C'est un retour sur les heures les plus sombres du XXe siècle que nous propose
Michael Pye, à travers le drame d'un homme qui a vécu son enfance auprès d'une mère collabo (et même pire) et qui s'appropriait les biens des juifs qu'elle dénonçait. Bien des années après la confrontation avec l'une des victimes va faire resurgir beaucoup de choses et pousser le fils au suicide.
Rien de caricatural, de simpliste ni de grandiloquent dans ce livre ; simplement l'histoire profonde, douloureuse de gens qui étaient soit du "bon" côté, soit du "mauvais", soit entre les deux, dans cette zone grise qui vous cache l'avenir autant qu'elle vous voile le passé. Passé auquel tous dans ce livre voudrait échapper ( à l'exception de la nouvelle génération qui veut que justice soit faite), parce que se souvenir revient à revivre ce qui fut.. Mais, pas plus qu'on ne peut effacer ce qui a été, pas plus ne peut-on se fuir soi-même face au poids de l'histoire.

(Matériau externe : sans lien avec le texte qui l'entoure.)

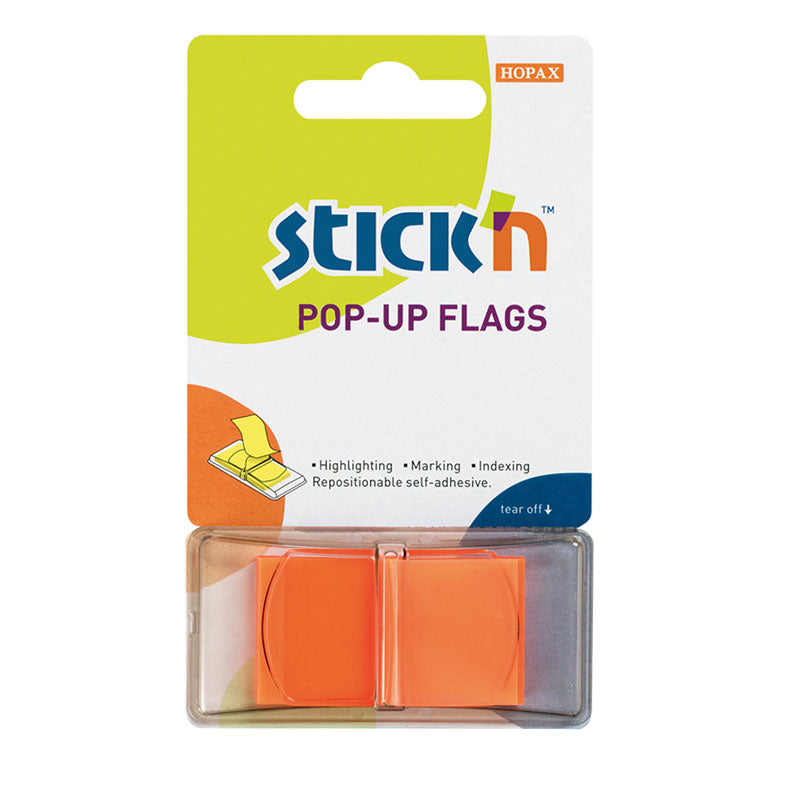 Stick'n Pop Up Flags Orange Neon 45x25mm 50 Sheets - Cafe Supply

Ce beau roman sur le devoir de mémoire en montre les aspects les plus sombres, reliant le souvenir à la vieillesse des personnages et à la mort qui approche, et étend son ombre définitive sur celles d'un passé honni :
"Lucia la vieille dame, savait qu'il y avait quelque chose qu'elle ne voulait pas savoir. Elle ne saisissait pas exactement l'ordre des évènements, ou le lien entre eux, de sorte qu'elle craignait toujours l'arrivée impromptue d'un épisode qu'elle ne voulait pas revivre, et l'obligation de le revivre."
Le bref face à face entre la victime et la spoliatrice sonne fort et juste, la première vivant dans la peur de la confrontation, et la seconde dans le déni voire dans la justification de ce qu'elle a fait, montrant qu'aucun véritable dialogue ne peut s'établir entre les deux.
A lire pour tous ces petits détails qui nous dissuadent de généraliser trop vite et de nous approprier des situations qui n'appartinrent qu'à ceux qui les vécurent.